In the name of the national ideology of political Islam, the black mafia bosses heavily invest in the political parties, institutions and echelons of state power. They have eroded the discipline of the state structure and are now posing a threat to the civic existence of society. The desire for a substantial policy change by stakeholders of state and political power is a pipedream as they are compelled to continue the Zia-era policies benefitting the vested interests of the reactionary, corrupt, upstarts’ and crime infested ruling classes. It is this economic character of the present system that these political and state actors are destined to serve.

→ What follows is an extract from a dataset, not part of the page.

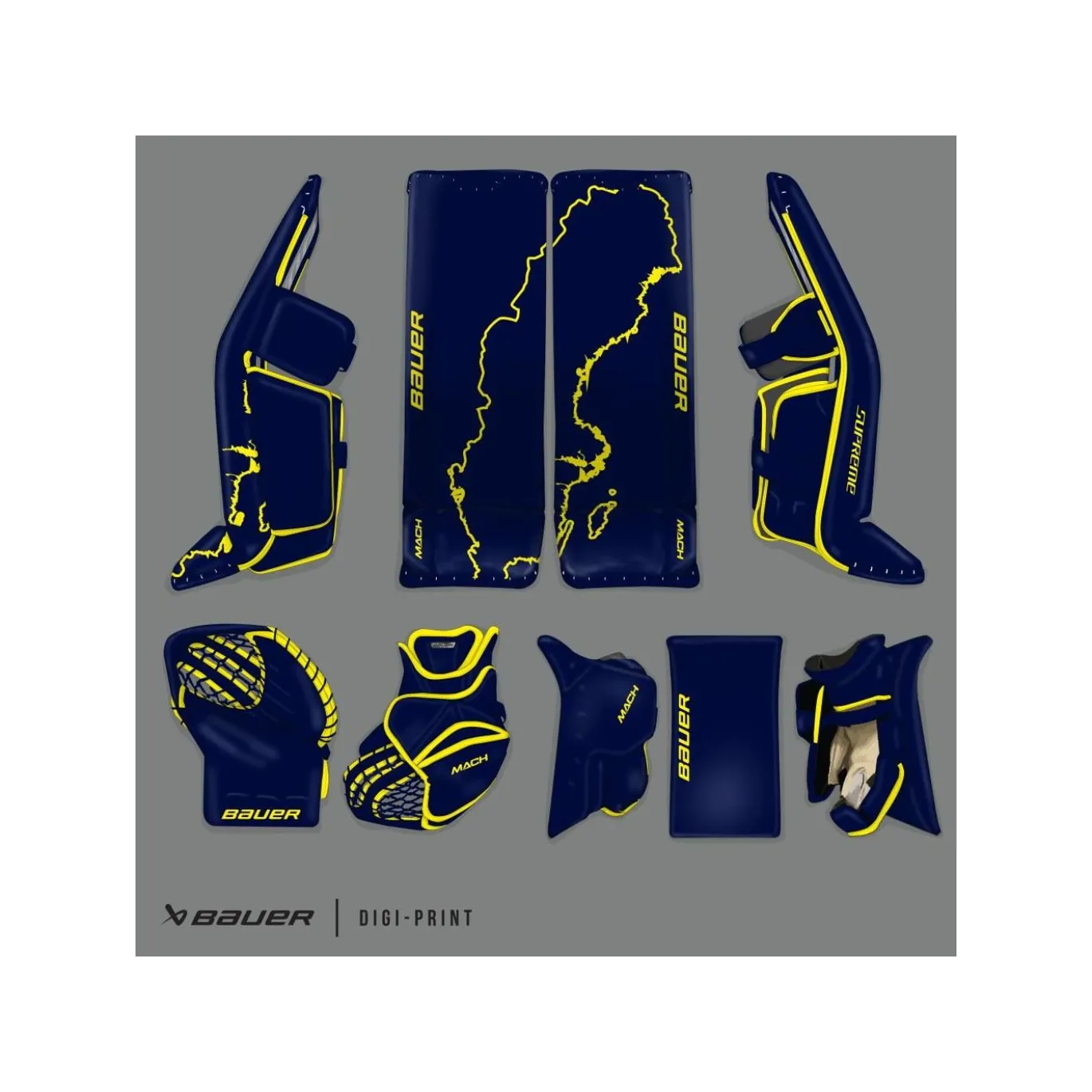 Bauer Målvaktsbenskydd Custom Supreme Shadow Sr - Digital Print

Proxy wars are strategies by the new states in a period where the national and world wars are unaffordable, unsustainable and could end up in the mutual destruction of the adversary elites. The involvement of a ‘foreign hand’ cannot be excluded in this terrorist wave but laying all the blame on external factors actually conceals the failure of the state to eliminate terror and the complicity of certain official elements in the protection and nurturing of these reactionary forces for their vested interests. Now the successors’ of the mentors of these Frankenstein monsters are faced with the retribution of history. The mingling of these terrorists in the thickly populated cities and suburban towns makes it a herculean task to find and surgically remove them out of the population in general. Even though these religious bigots have a meagre support base amongst the masses, they have organised structures and an abundant capital. They can launch small demonstrations to pressurise the corrupt rulers with hundreds of destitute children seeking shelters from the socio-economic onslaught of capitalism in their seminaries. Such sectarian bastions exist in the hearts of Islamabad, Lahore, Karachi and other cities and towns across the country indoctrinating sectarian hatreds. They defy the laws by bribing state officials and threatening the judiciary. Above all, they exploit the religious and sectarian sentiments of the state’s petit bourgeois functionaries.

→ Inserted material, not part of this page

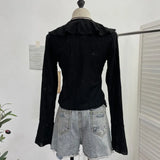Dark Wind To Make Old Hole Horn Long Sleeve Open Shirt Tie With Lotus Leaf Side V Collar Sunscreen Shirt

But these policies of proxy conflicts and the exacerbating infightings of the varied capitalist interests are tearing apart the social fabric of the country. The collapse of the left and betrayals of traditional parties and leaders have further added to this apathy. The ultimate weapon to eradicate terrorism — the people’s mobilisation — is crucial to crushing these forces of black reaction. With no real revolutionary alternative in the political spectrum has blunted this revolutionary weapon of the class struggle. In the present state of inertia temporarily blanketing society, lumpen sections of the petit bourgeois youth despaired with the prospect of a bleak future can move towards such outfits in sheer frustration and commit such harrowing acts.

The neoliberal economics that replaced the failed Keynesianism model is rapidly intensifying inequality and social turbulence. The crisis of the capitalist system is so acute that its historical obsoleteness and economic bankruptcy has not only debilitated the state structures but also the surge of Islamic fundamentalist terror is a manifestation of this crisis. Terrorism can neither be eliminated through peace deals and agreements with these bestial creatures nor can it be crushed by the states that cast them as proxy options.

Without transforming the socio-economic material basis of these vile outfits the scourge of terrorism cannot be eliminated. This social, economic, political and administrative system is obsolete and beyond repair in its terminal decay. Only the mobilisations of the toiling classes can fight and vanquish religious terrorism and reactionary socio- cultural onslaught upon society by putting end to the system that needs these evils for its exploitation and ruler ship.